L'UNIONE RITROVATA - Eppure la vicenda della Puglia contiene anche degli aspetti positivi e fuori dagli schemi tradizionali. Non soltanto perché, com'è evidente, la politica è stata costretta a prendere atto della dimensione “umana”, oltre a quella industriale, del gioco pubblico, che è fatto comunque di imprese e di lavoratori, nella speranza che questi aspetti possano portare a un diverso approccio da parte dell'amministrazione locale e delle altre che si trovano in situazioni analoghe. Di buono, in Puglia, c'è anche la ritrovata unione di un comparto, reduce da tante battaglie e troppe divisioni, anche tra le stesse categorie, che sono scese in piazza con un unico scopo e mettendo da parte ogni antico rancore. Con il supporto, questa volta, anche delle organizzazioni sindacali, che hanno iniziato anch'esse a considerare i lavoratori dell'industria del gioco alla parti di tutti gli altri.
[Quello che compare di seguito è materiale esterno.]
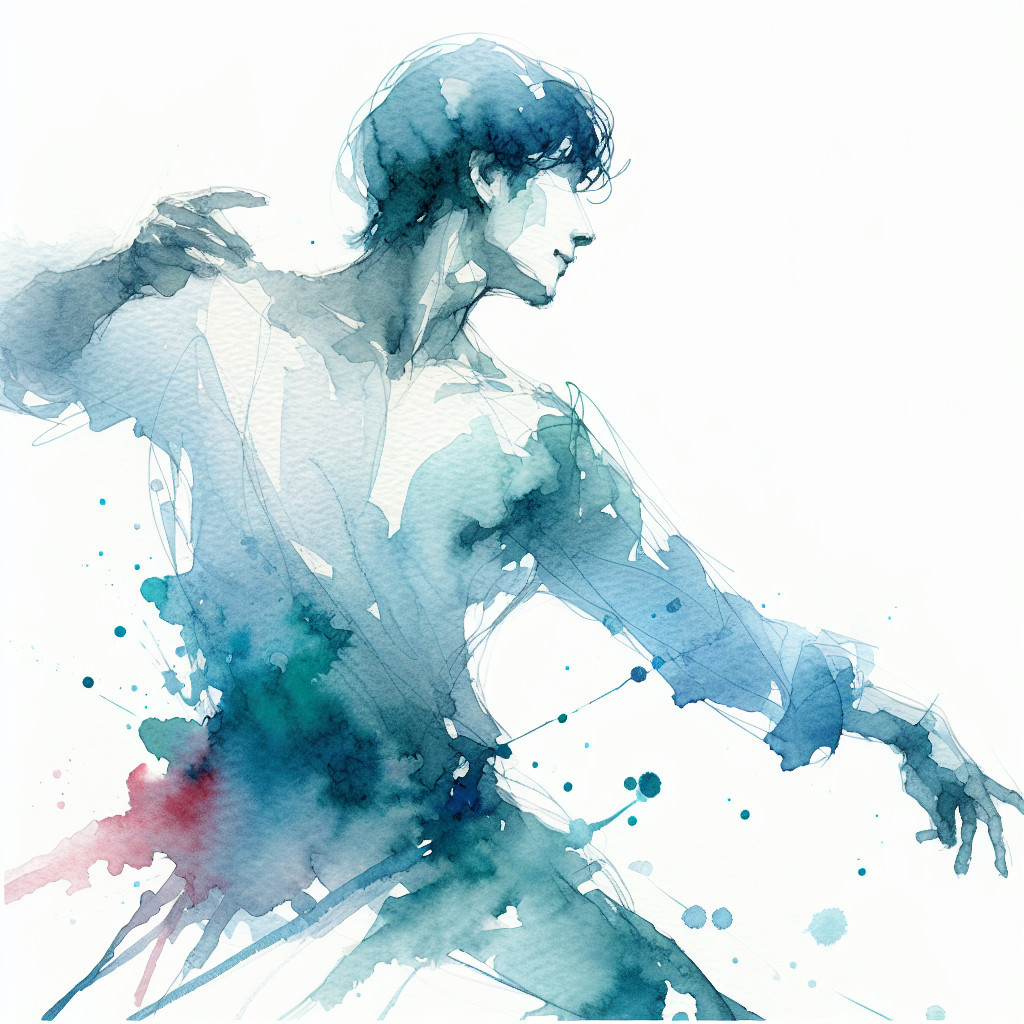 Watercolor Painting of a Dancer in Motion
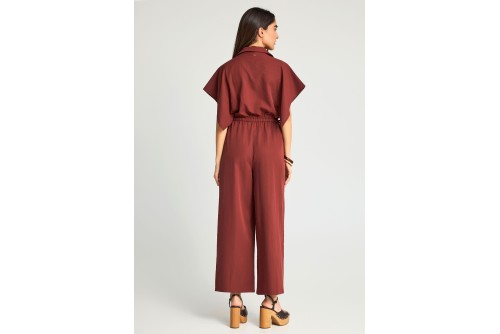 Funky Buddha Κοντομάνικη Ολόσωμη Φόρμα Γυναικεία (FBL013-113-12-HENNA-BROWN)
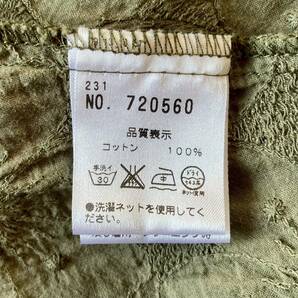 NICE CLAUP/ナイスクラップ レース調 総刺繍 ミニワンピース チュニック カーキ レディースフリーサイズの画像7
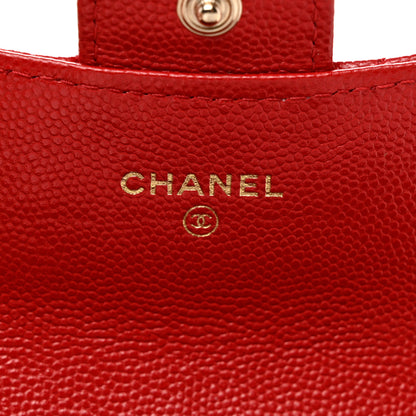 Chanel Caviar Quilted Flap Card Holder Wallet Red 7 of 9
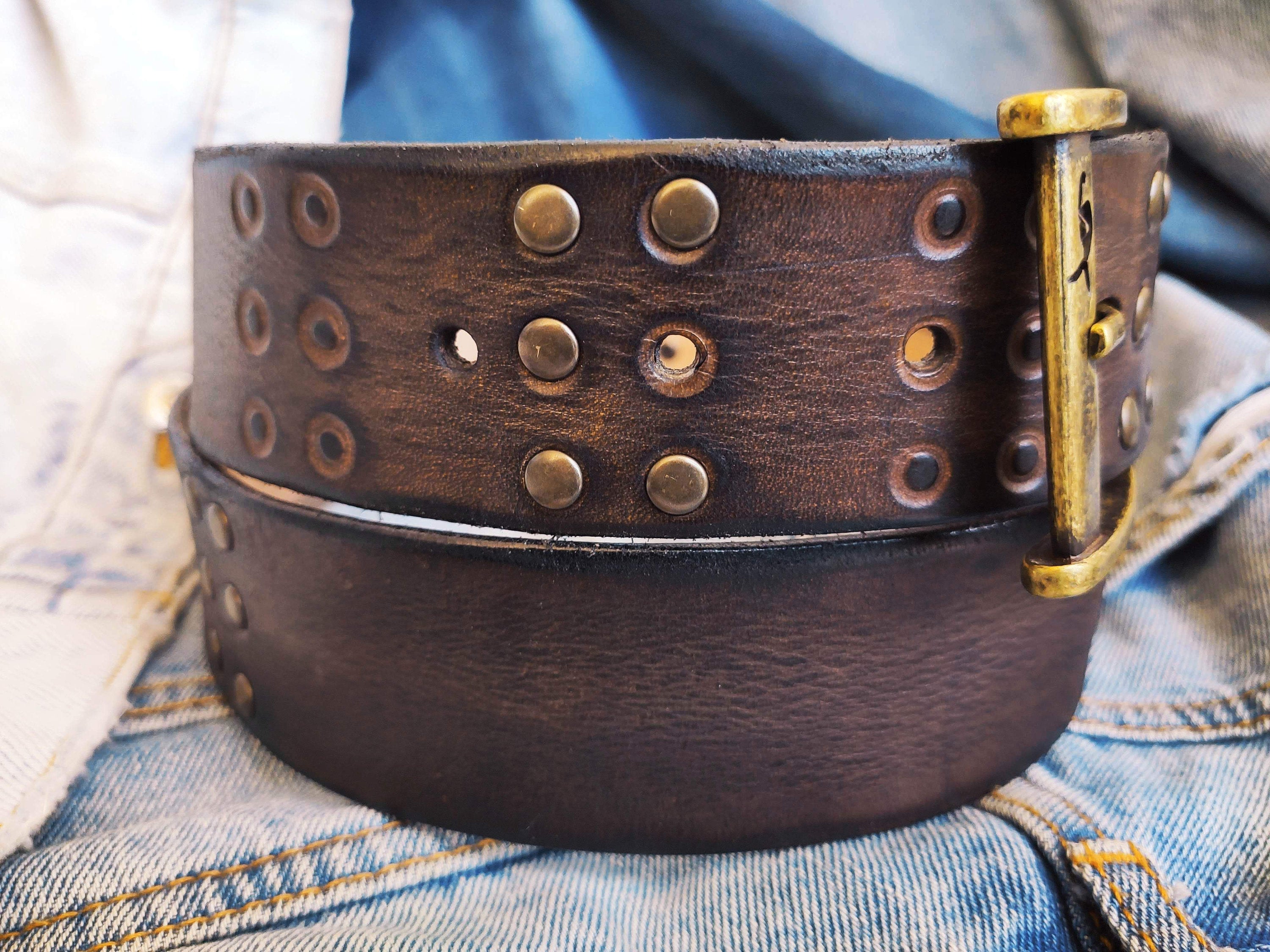 Leather Double-Prong Belt Vintage Brown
Nell'auspicio generale che dalla situazione di crisi in cui si trova l'industria, anche a causa delle norme regionali, possa davvero rifondarsi un settore nuovo e stavolta veramente sostenibile.
 
ADESSO TOCCA AL GOVERNO – Quanto accaduto in Puglia, però, non deve essere relegato a una mera vicenda locale: con la Questione Territoriale che deve invece essere considerata, qual è, una Questione Nazionale. Materia rispetto alla quale deve intervenire il governo. E deve farlo prima possibile, dopo troppi anni di assenze e rinvii e prima che sia troppo tardi. Del resto, se si è arrivati a questo punto e proprio a causa delle ripetute mancanze dello Stato e quindi dei governi che si sono succeduti in questi anni, che hanno costretto alle Regioni e agli enti locali più in generale di assumere il ruolo di supplenti del Legislatore. Partorendo i mostri normativi di cui abbiamo ampiamente parlato e con i quali si devono confrontare le imprese e i lavoratori. Ora più che mai, quindi, serve un Riordino generale del comparto: quindi una riforma del settore che risulti degna di tale nome e che passi, magari, anche per l'adozione di un Testo Unico sui giochi. Come si invoca e auspica da tempo, ma senza mai venirne a capo. Il governo a guida Lega e 5 Stelle ha dunque la possibilità di mettere fine una volta per tutte alla Questione Territoriale: senza correre il rischio, come i precedenti governi, di essere indicato come “il governo amico delle lobby”, per il semplice fatto di voler regolamentare la materia, come è avvenuto finora con tutti i precedenti esecutivi, vista l'evidente distanza di questa compagine governativa dall'industria dei giochi. Partendo proprio dai fatti di Bari e dalle evidenze che fuoriescono dai territori: osservando, per esempio, che strumenti come quello del distanziometro non rappresentano una soluzione ma comportano soltanto dei rischi aggiuntivi, specialmente se viziati da errore tecnico, come evidenziato ormai anche da una certa giurisprudenza. Una serie di circostanze che andranno studiate, analizzate (tenendo anche conto che lo stesso governo ipotizzata l'adozione di un “distanziometro nazionale”, stando alle parole del vice premier Luigi Di Maio) e catalizzate verso l'unico obiettivo di rendere sostenibile l'offerta di gioco: per i cittadini-consumatori, ma anche per i cittadini-lavoratori. Cioè per tutti. E' dunque il momento di aprire un confronto con l'industria, e non solo con le regioni e gli enti locali. Come del resto chiedono da tempo gli addetti ai lavori: e, forse, come auspicano ormai gli stessi rappresentanti delle amministrazioni locali. In fondo, non è mai troppo tardi.